● WHAT THIS TASK INVOLVES: The full listing below should be returned without a single change.

● RAW DATA:
---*---

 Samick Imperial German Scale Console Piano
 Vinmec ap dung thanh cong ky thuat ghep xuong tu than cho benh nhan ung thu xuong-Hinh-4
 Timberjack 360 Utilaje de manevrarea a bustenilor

---*---

● TASK RESULT:
 Samick Imperial German Scale Console Piano
 Vinmec ap dung thanh cong ky thuat ghep xuong tu than cho benh nhan ung thu xuong-Hinh-4
 Timberjack 360 Utilaje de manevrarea a bustenilor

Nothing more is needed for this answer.